_Task to carry out_. Set down the entries that follow exactly as written, leaving out any images.

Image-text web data
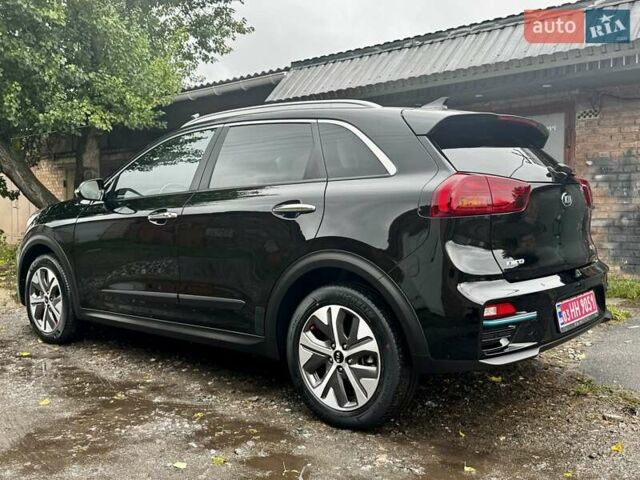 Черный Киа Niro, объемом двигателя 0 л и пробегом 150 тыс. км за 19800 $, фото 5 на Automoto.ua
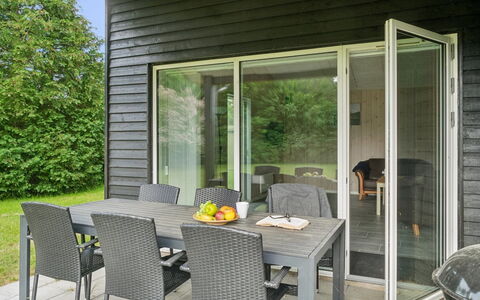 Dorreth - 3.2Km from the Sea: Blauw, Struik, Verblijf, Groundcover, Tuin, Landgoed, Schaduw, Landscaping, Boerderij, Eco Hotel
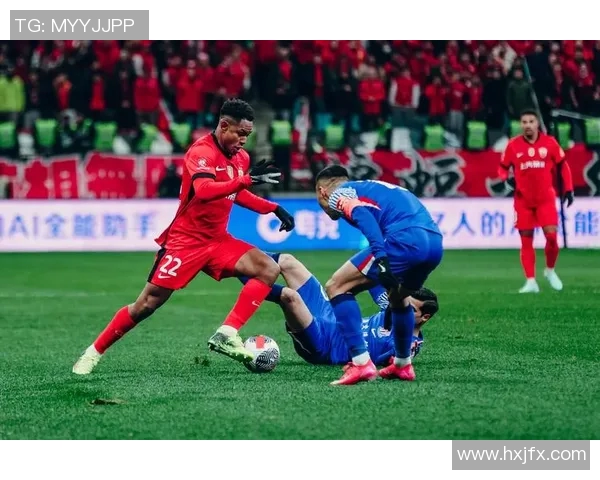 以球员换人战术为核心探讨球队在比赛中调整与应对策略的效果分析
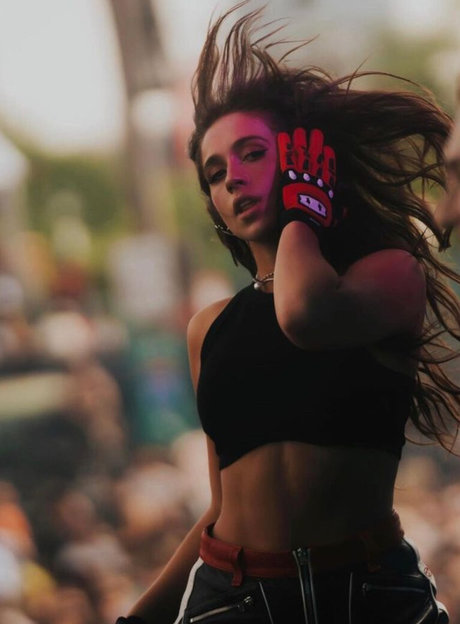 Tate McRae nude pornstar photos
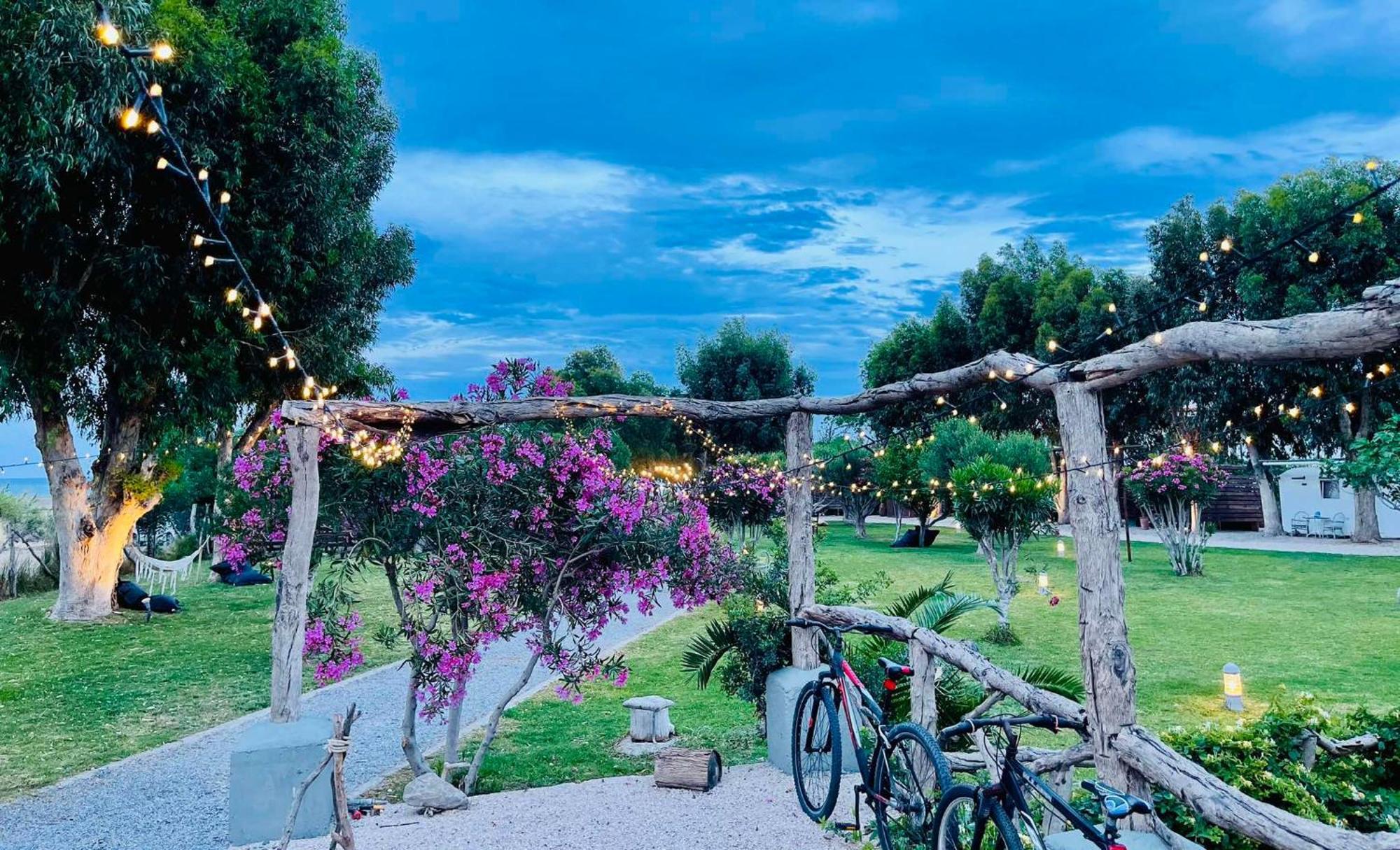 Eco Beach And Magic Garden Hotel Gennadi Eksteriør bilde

_Solution for this task_.
 Черный Киа Niro, объемом двигателя 0 л и пробегом 150 тыс. км за 19800 $, фото 5 на Automoto.ua
 Dorreth - 3.2Km from the Sea: Blauw, Struik, Verblijf, Groundcover, Tuin, Landgoed, Schaduw, Landscaping, Boerderij, Eco Hotel
 以球员换人战术为核心探讨球队在比赛中调整与应对策略的效果分析
 Tate McRae nude pornstar photos
 Eco Beach And Magic Garden Hotel Gennadi Eksteriør bilde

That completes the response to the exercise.